(Dataset entries)

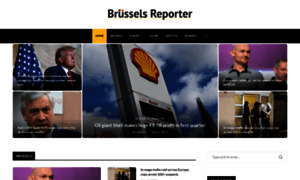 Brusselsreporter.com thumbnail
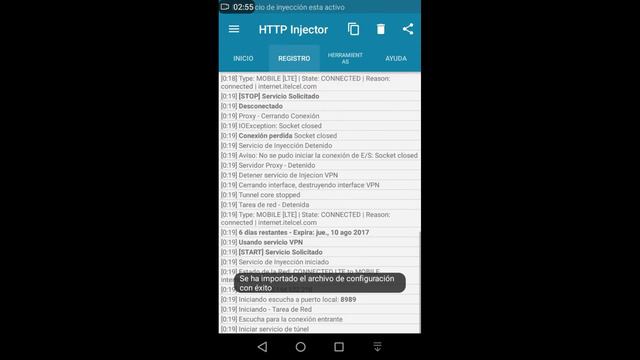 Solución error 302/No datos de descarga/server 1 mes y 7 dias смотреть онлайн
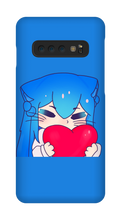 Phone Cases Samsung  - Wolfi Heart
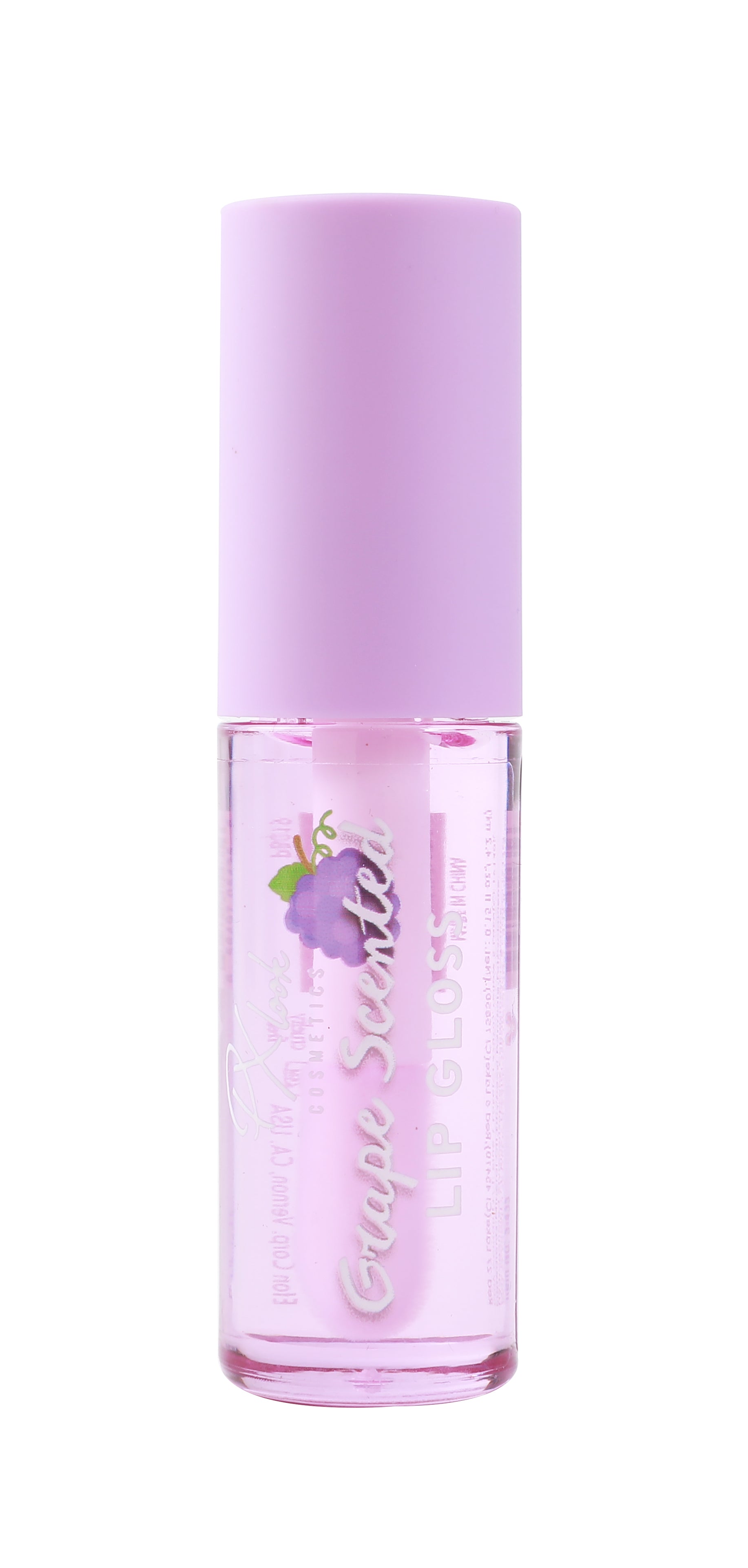 PxLook Fruit Scented Lip Gloss, fruity lip gloss, best lip gloss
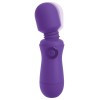 Wand Vibrator OMG! #Enjoy Purple Pipedream Wand Vibrator OMG! #Enjoy Purple Wand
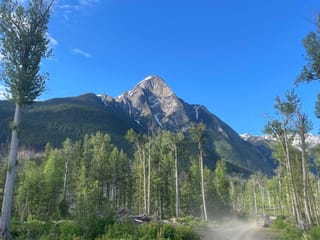 Lot for sale in New Hazelton, Hazelton & Hwy 37, Dl 890 Pugsley Street, 263158614 | Realtylink.org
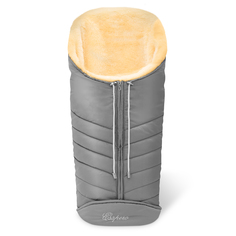 Конверт в коляску Esspero Cosy Silver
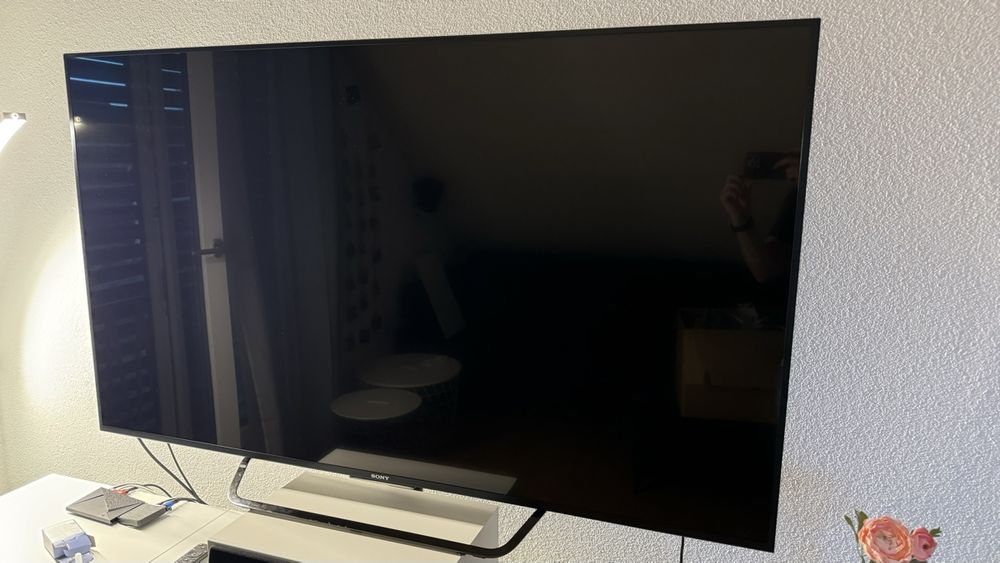 sony-bravia-65-4k-smart-tv-kd-65x8505c-gebraucht-in-zufikon-f-r-chf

(End Dataset entries)

Assignment |
From the line with "Lot for sale" to the final line of the entries above, reproduce each line exactly and nothing else; the pictures stay out.

Your response |
 Lot for sale in New Hazelton, Hazelton & Hwy 37, Dl 890 Pugsley Street, 263158614 | Realtylink.org
 Конверт в коляску Esspero Cosy Silver
 sony-bravia-65-4k-smart-tv-kd-65x8505c-gebraucht-in-zufikon-f-r-chf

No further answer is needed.